Cute Sofia and Ocean:

The next morning they offered me breakfast and then Ahmed gave me a lift back to Betty. He was a sportsman hunter and there was some shooting competition that he was taking part in that day. I bid him farewell and thanked him for opening his home to me. Some people are rich with money, others are rich with family and a joie de vies...and he was definitely the latter.

Tuesday, June 22, 2010

Day 1 in France

My plan for day 1 on the continent was to ferry over, head to the Vimy Ridge memorial and then continue on a bit and stay somewhere near the city Reims. England was playing Algeria that evening so if all went as planned, perhaps I’d be able to catch some of the game.

The day started off well (yes, some foreshadowing...). I arrived at the Dover ferry terminal with an hour to spare. The only eventful thing on my drive from Aldershot was seeing a poof of feathers over the centre median and witnessing a poor pigeon flutter down to the ground. It had obviously been hit by a car travelling in the opposite direction.

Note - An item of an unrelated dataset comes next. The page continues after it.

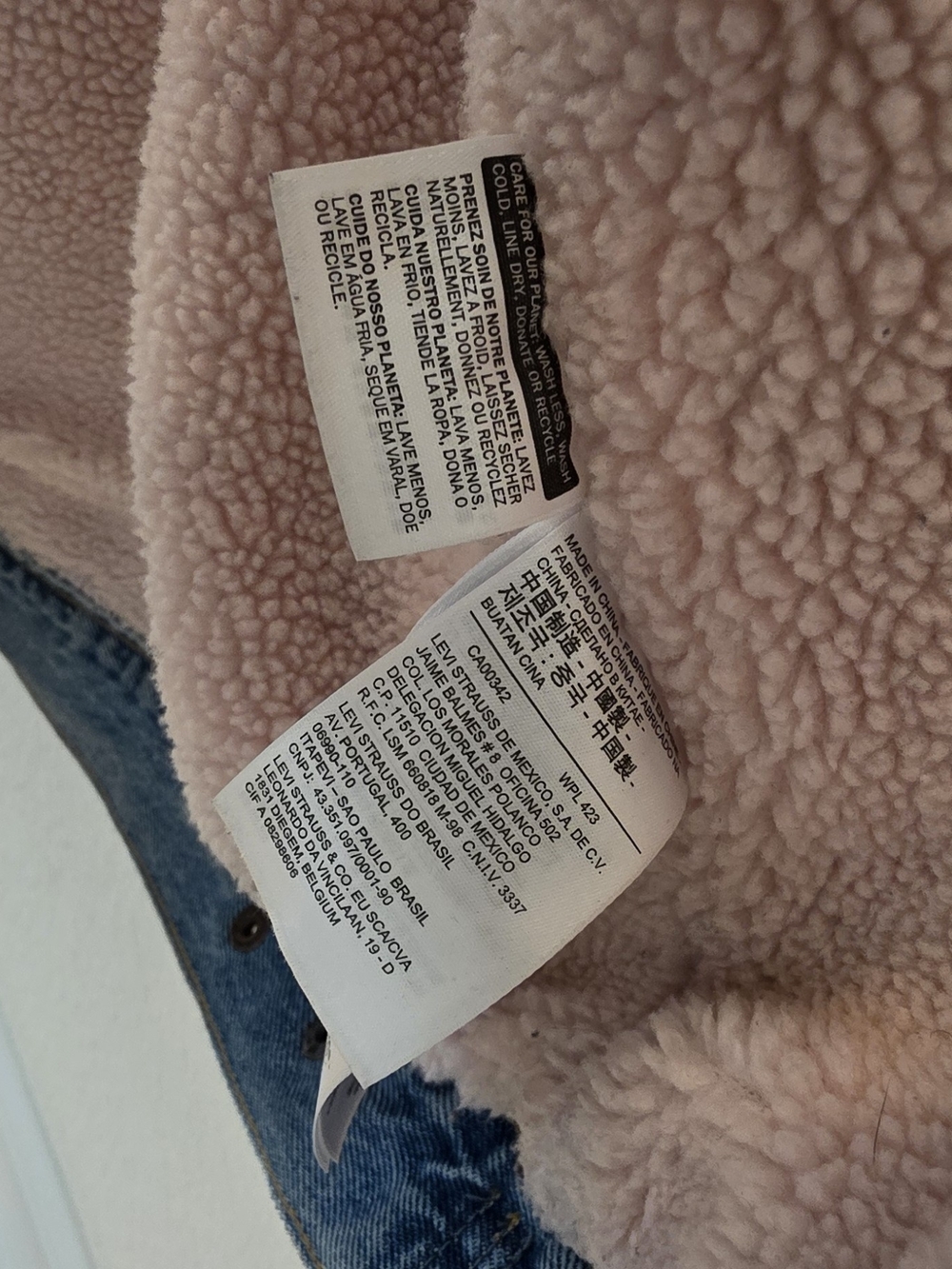 Women's Levi's Premium Trucker with Raspberry Sherpa Lining - Picture 2 of 6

The ferry was a similar size to the ones that ply the water between Victoria and Vancouver but the interior was much different. It was all about lounges and multiple bars and a big arcade for kids at the back. There was a much greater variety in the seat and table arrangements, I liked it, oh, and did I mention they serve beer! (although I didn’t bother having one) What I didn’t like was the lack of outdoor deck space but I guess the Channel probably tends to be much windier than the BC waters. The only outside deck was at the back and one had to walk through the arcade to get there which seemed a bit silly. Due to the lack of outside deck on the sides, the windows are not easily accessible to be cleaned and therefore the viewing from inside wasn’t great as the windows were covered in sea salt.

I watched as we pulled away from the white cliffs of Dover and wondered what lay ahead.

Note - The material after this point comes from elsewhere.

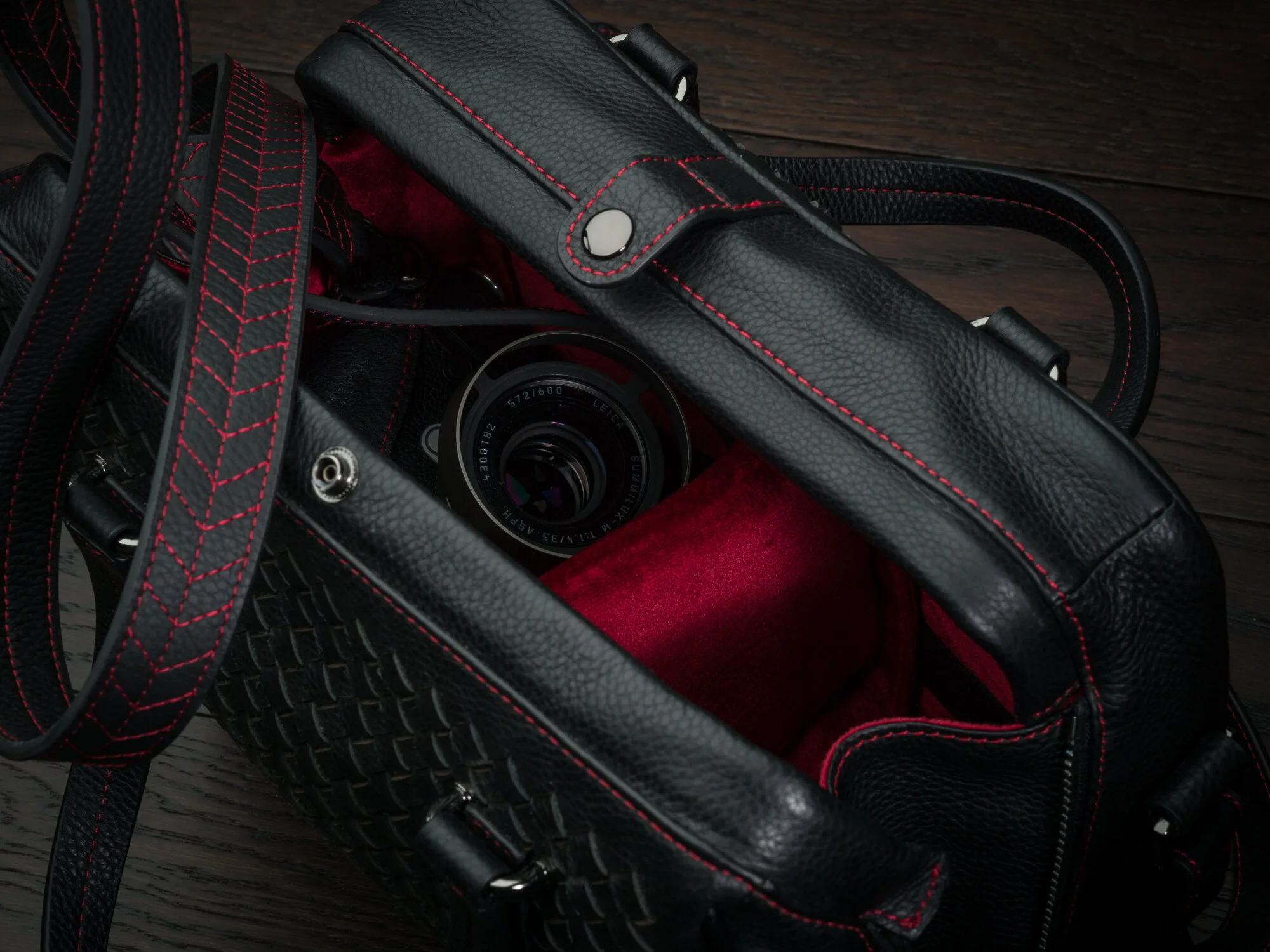 Vi Vante tread classic camera strap calibre.jpg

Arriving in Calais, I decided to head into town to get some Euros. I would be taking some toll roads to get to Vimy (near Arras) and might need the cash. It didn’t take long for me to find a cash machine and I got back in Betty, grabbed the sat nav (a Garmin GPS unit that talks to me in a nice yet stern female English accented voice and tells me directions to where I want to go) and turned it on. Wait a sec, it won’t turn on. I tried again and again. Es ist kaput! Super, day 1 on the continent and the little electronic lady who was going to guide me around Europe has already quit! I guess I’ll have to do it the old fashion way for the time being; thankfully I have a big map of France.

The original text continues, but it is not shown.